Focusing light with a deep parabolic mirror
Norbert Lindlein, Markus Sondermann, Robert Maiwald, Hildegard, Konermann, Ulf Peschel, Gerd Leuchs

TL;DR
This paper investigates how a deep parabolic mirror can focus light to a near-ideal point, comparing its performance with conventional methods and analyzing the effects of aberrations.
Contribution
It introduces a detailed calculation of electric energy density in the focus of a parabolic mirror and compares it with traditional high-NA illumination techniques.
Findings
Deep parabolic mirrors can achieve near-ideal focusing conditions.
Comparison shows advantages over conventional nearly 4pi illumination.

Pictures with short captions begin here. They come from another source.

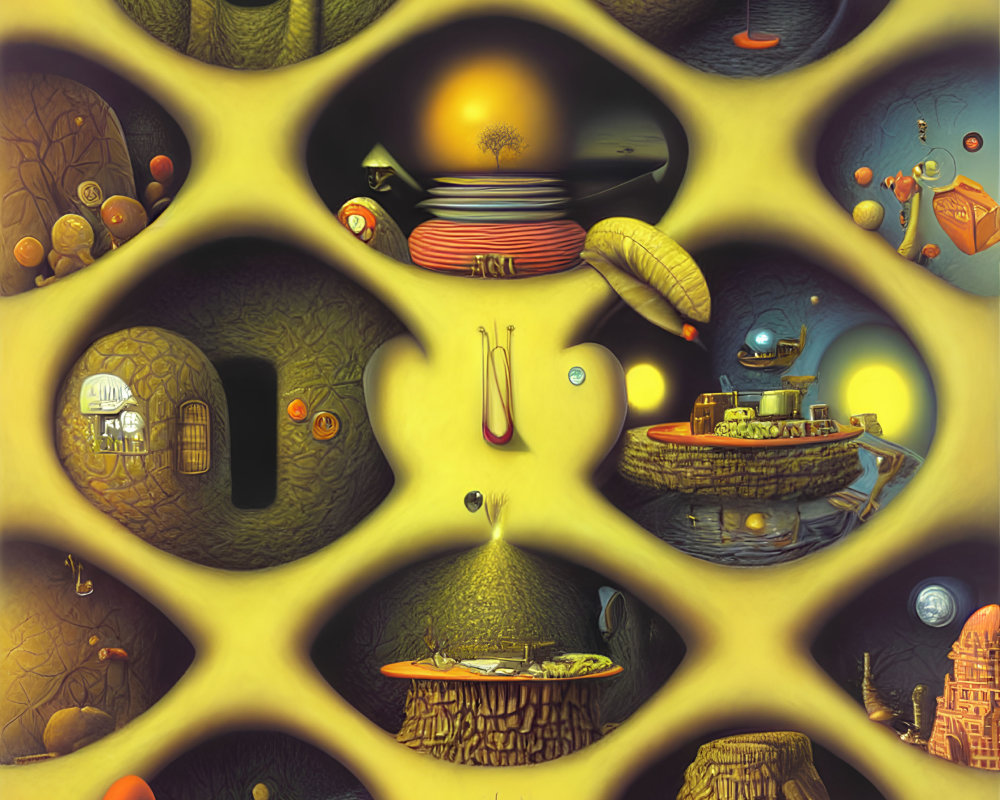 Fantastical scenes inside honeycomb-like cells with surreal elements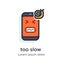 Emotion phone problems, glitches, virus, firmware, os, snail, slowly, friezes, annoying, work, illustration Icon.
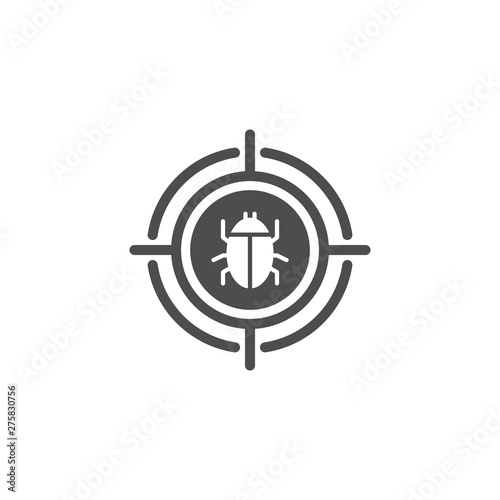 Malware bug in target vector icon. Network Vulnerability - Virus, Malware, Ransomware, Fraud, Spam, Phishing, Email Scam, Hacker Attack - IT Security Concept Design, Vector illustration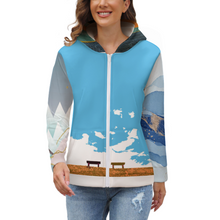 Cargar imagen en el visor de la galería, Sudadera con Capucha de Felpa con Cremallera Chaqueta Gruesa Manga Larga con Forro Polar para mujer BH1 Personalizada con Impresión Completa de múltiples imágenes con Foto Logo Patrón Texto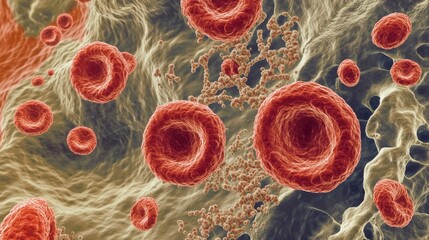 Poster - Red blood cells floating in plasma, with cellular structures scattered among them, under high-definition microscopy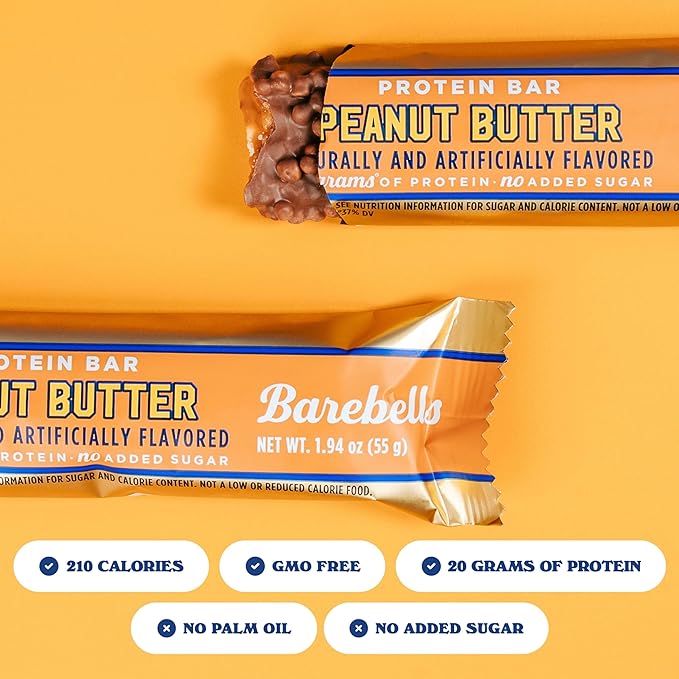 Barebells Protein Bars Peanut Butter - 12 Count 20g High Protein Treats - Chocolate Nutrition Bar with 1g Total Sugars - On-The-Go Breakfast or Post-Workout Snack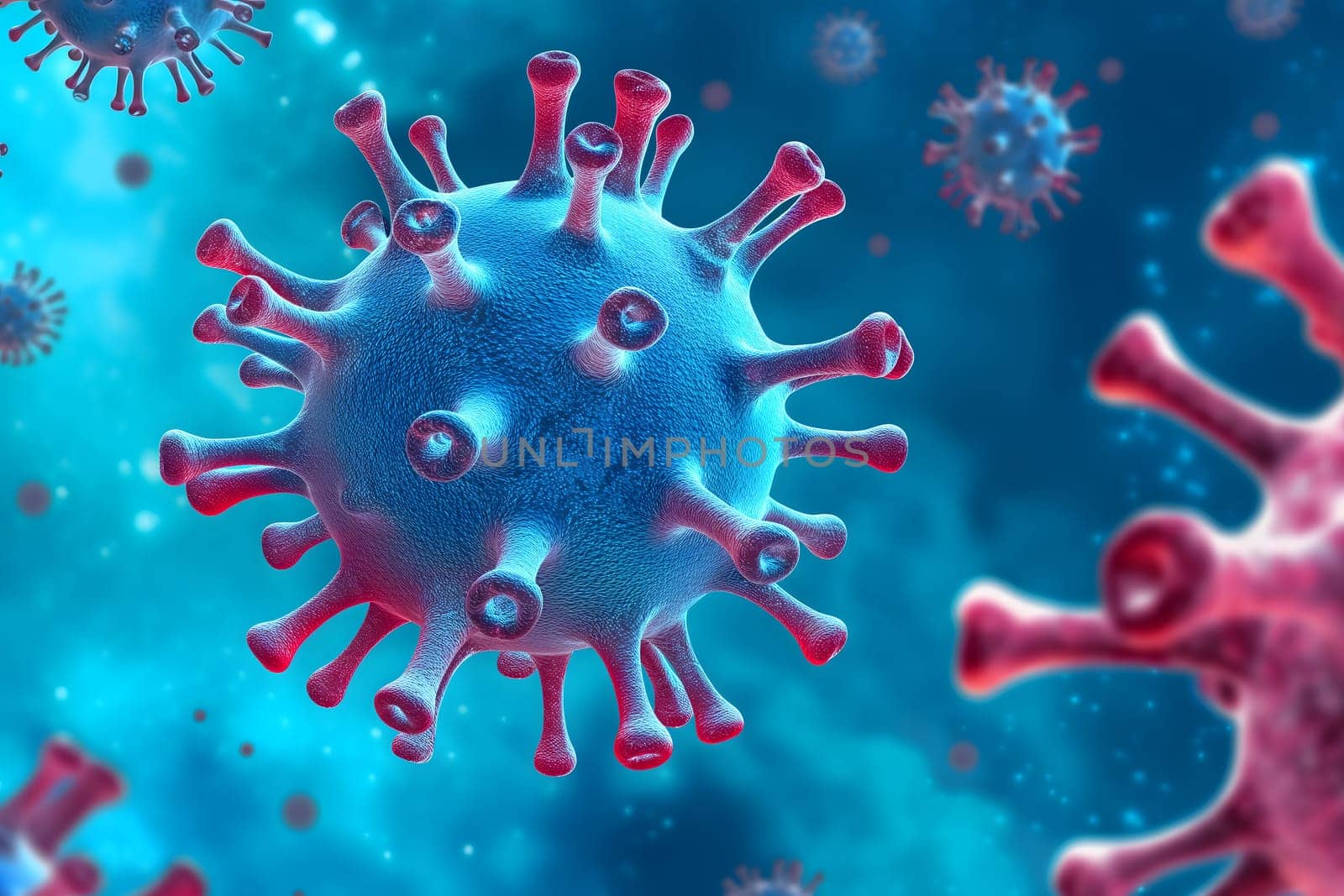 many coronaviruses micro scene background. Neural network generated image. Not based on any actual scene or pattern.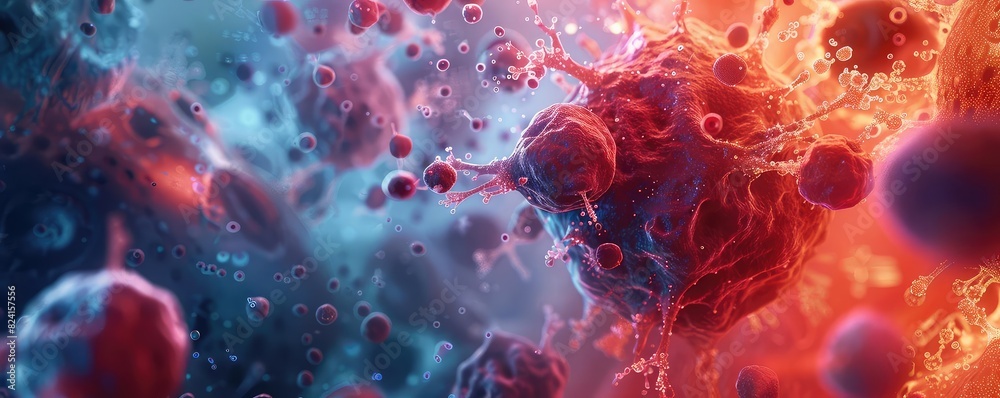 Wall mural A detailed 3D render of autoimmune cells attacking healthy tissue, Futuristic, Blue and Red Hues, Digital Art, Emphasizing internal conflict - Wall murals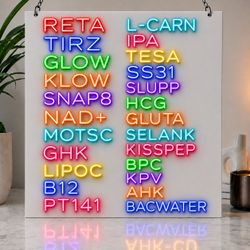 Peptides LED wall decor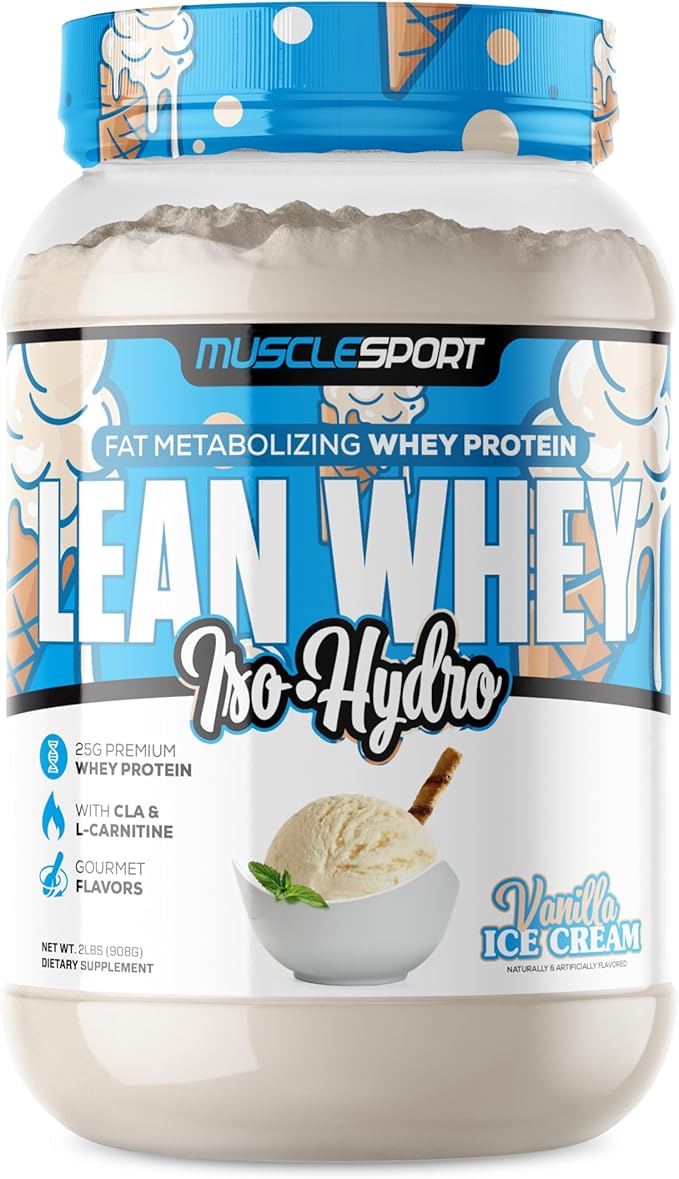 Musclesport Lean Whey Revolution??Protein Powder - Whey Protein Isolate - Low Calorie, Low Carb, Low Fat, Incredible Flavors - 25g Protein per Scoop (2LB, Vanilla)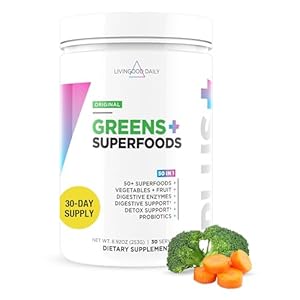 Livingood Daily Greens Superfood Powder (Original) – Super Greens Powder for Gut Health – Green Juice Powder Supplement with Spirulina, Chlorella, Enzymes, & Probiotics for Liver & Digestive Support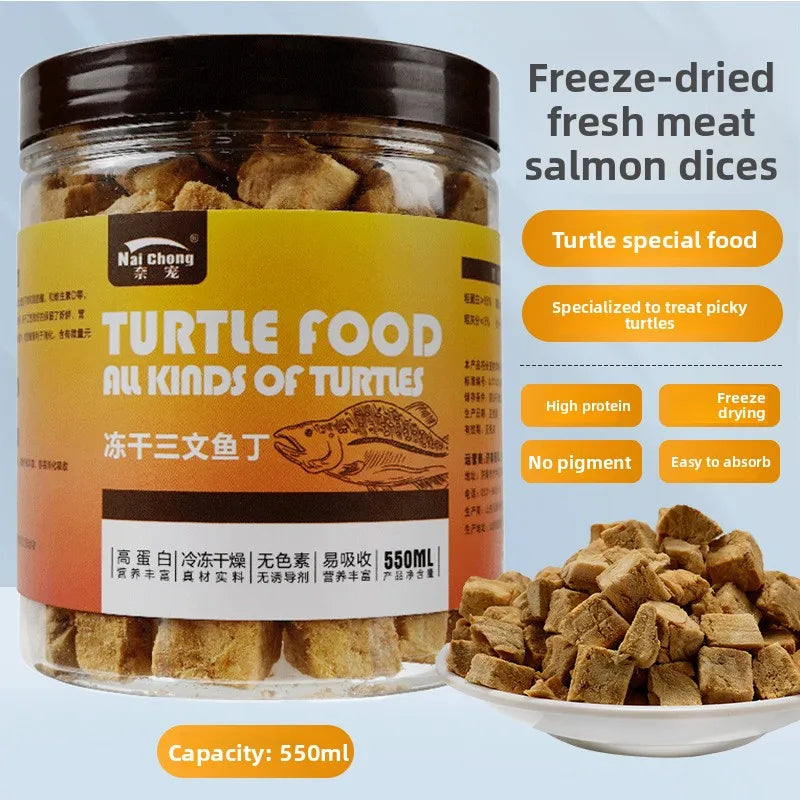 Nai chong Small Pet Freeze-Dried Treats-Chicken Breast,Salmon&Shrimp Protein Cubes for Hamsters,Fish&Turtles - All-Natural Snack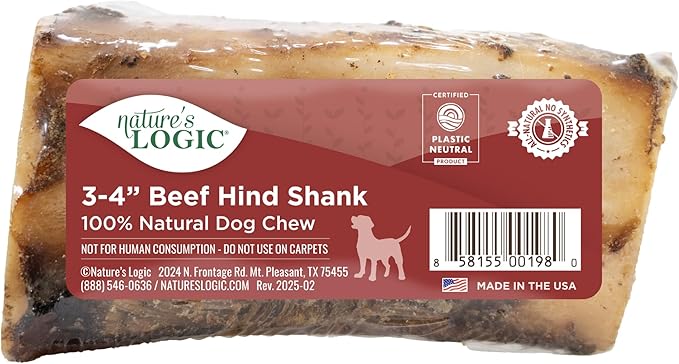 Nature's Logic Beef Hind Shank Bone - 3-4" Long Chew - Collagen & Protein Source for Dog Dental Health & Occupation - Carnivore Appropriate Recreational Dental Care - Small Beef Hind Shank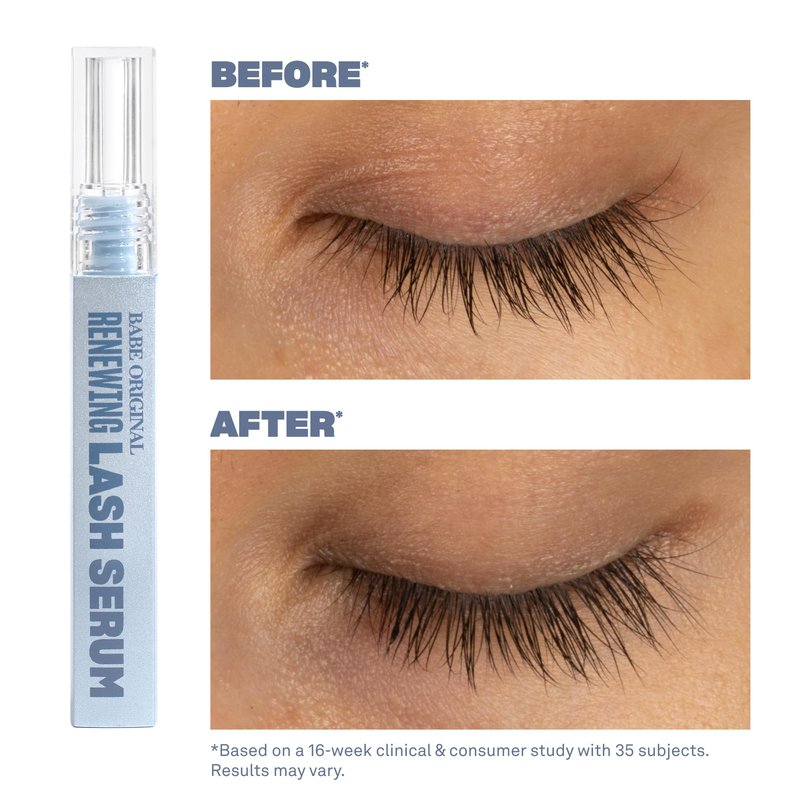 BABE ORIGINAL Renewing Lash Serum – Prostaglandin-Free, Peptide-Infused Gentle Lash Serum for Fuller, Longer-Looking Lashes, Lash Enhancing Treatment with Nourishing Botanicals, Vegan & Cruelty-Free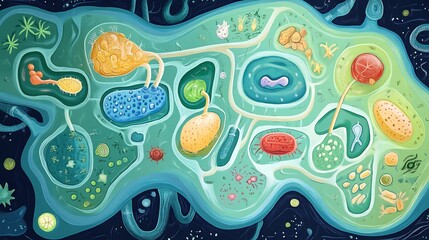 Fototapeta premium Symbolic portrayal of metabolic pathways showcasing fermentation and respiration processes in microbial cells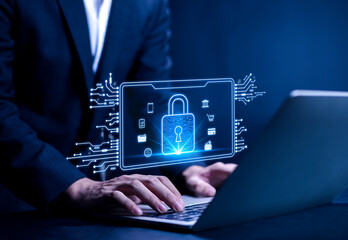 Lock screen concepts related to cybersecurity or internet network technology, such as cyber virus protection, lock icon, and internet network security technology; personal information.  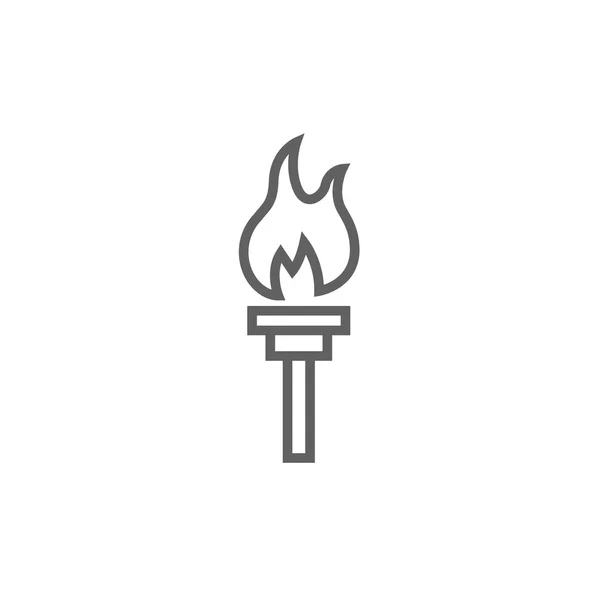 Burning olympic antorcha línea icono . — Archivo Imágenes Vectoriales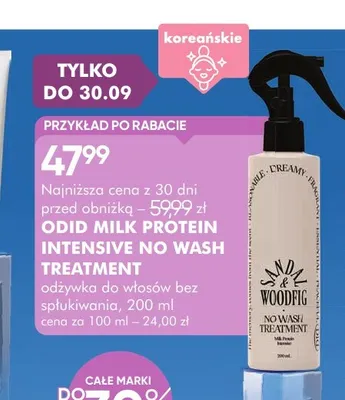 Odżywka do włosów bez spłukiwania Milk Protein Intensive No Wash Treatment Odid promocja w Super-Pharm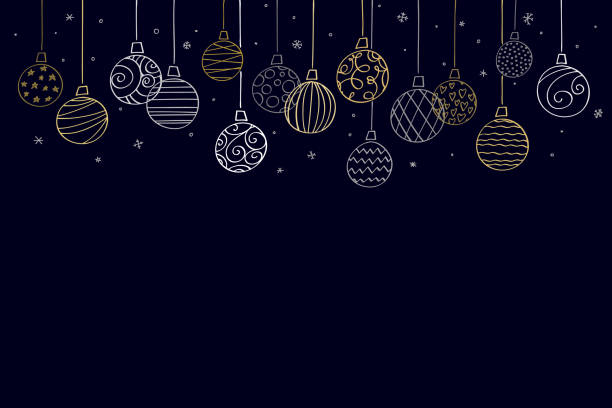 ilustraciones, imágenes clip art, dibujos animados e iconos de stock de bolas dibujadas a mano de navidad con espacio vacío en blanco para su mensaje - christmas card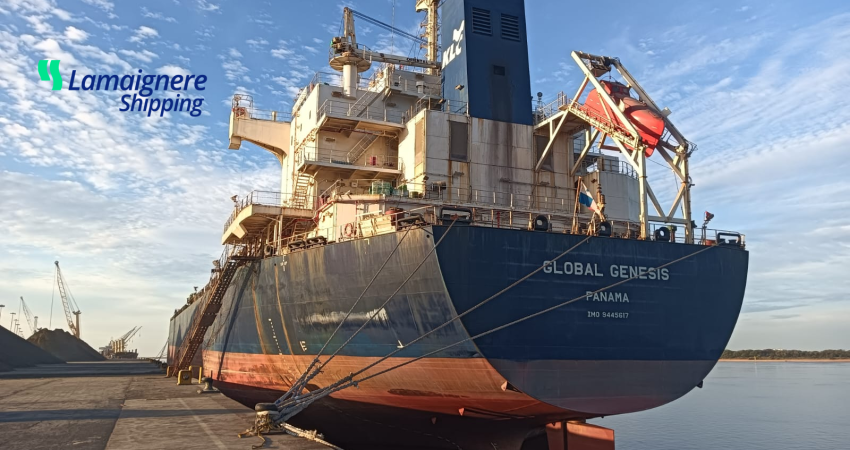 Lamaignere Shipping coordinates the unloading of clinker at the Port of Huelva with the vessel Global Genesis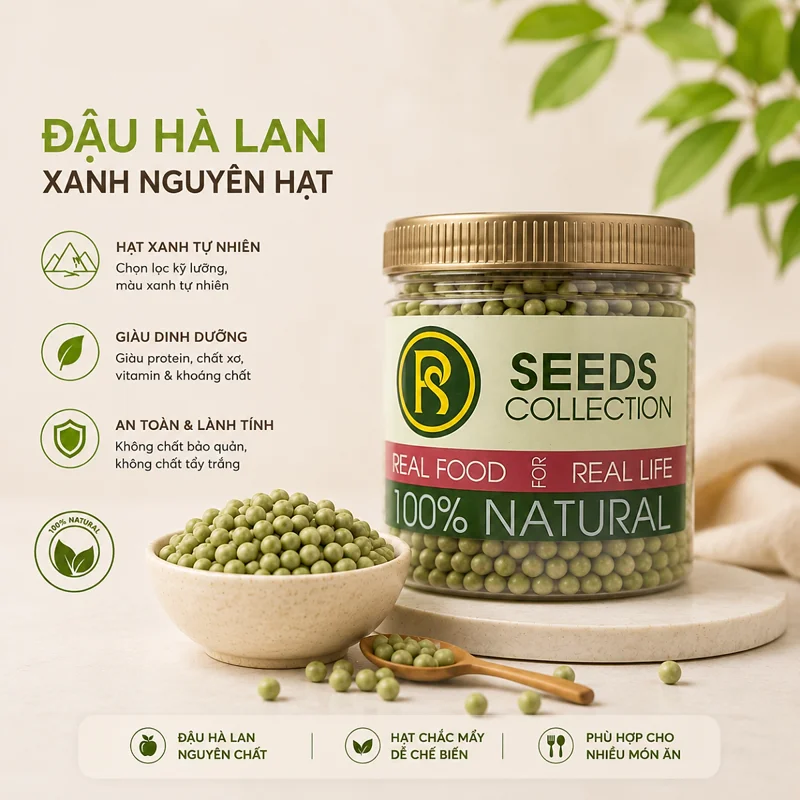 RealFoodStore Đậu Hà Lan Xanh Nguyên Hạt 500g - Đậu Hà Lan Khô Tự Nhiên Giàu Chất Xơ & Protein Thực Vật - Dùng Nấu Súp, Cháo, Salad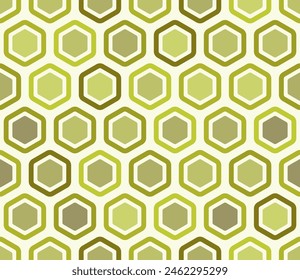 Seamless mosaic background. Bold rounded hexagon cells with padding and inner solid cells. Green color tones. Large hexagon shapes. Tileable pattern. Seamless vector illustration.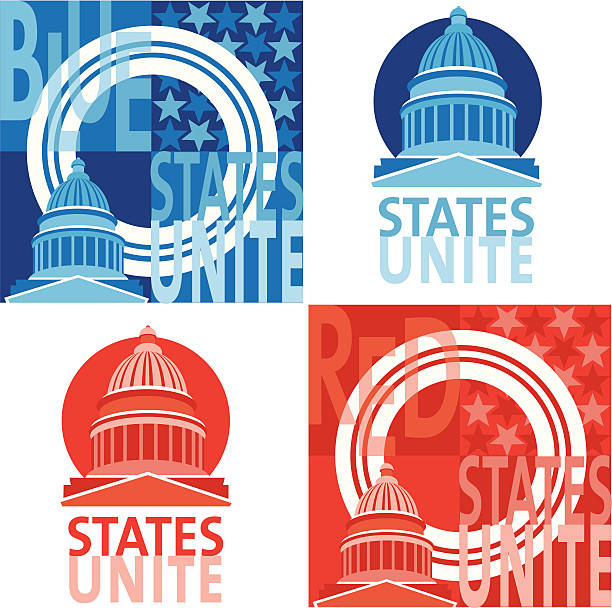 ilustraciones, imágenes clip art, dibujos animados e iconos de stock de colegio electoral de los estados unidos vs. azul-rojo - capitol hill voting dome state capitol building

Aberrations due to misalignment significantly affect focus quality.
Abstract
The smallest possible focus is achieved when the focused wave front is the time reversed copy of the light wave packet emitted from a point in space (S. Quabis et al., Opt. Commun. 179 (2000) 1-7). The best physical implementation of such a pointlike sub-wavelength emitter is a single atom performing an electric dipole transition. In a former paper (N. Lindlein et al., Laser Phys. 17 (2007) 927-934) we showed how such a dipole-like radiant intensity distribution can be produced with the help of a deep parabolic mirror and appropriate shaping of the intensity of the radially polarized incident plane wave. Such a dipole wave only mimics the far field of a linear dipole and not the near field components. Therefore, in this paper, the electric energy density in the focus of a parabolic mirror is calculated using the Debye integral method. Additionally, a comparison with "conventional nearly…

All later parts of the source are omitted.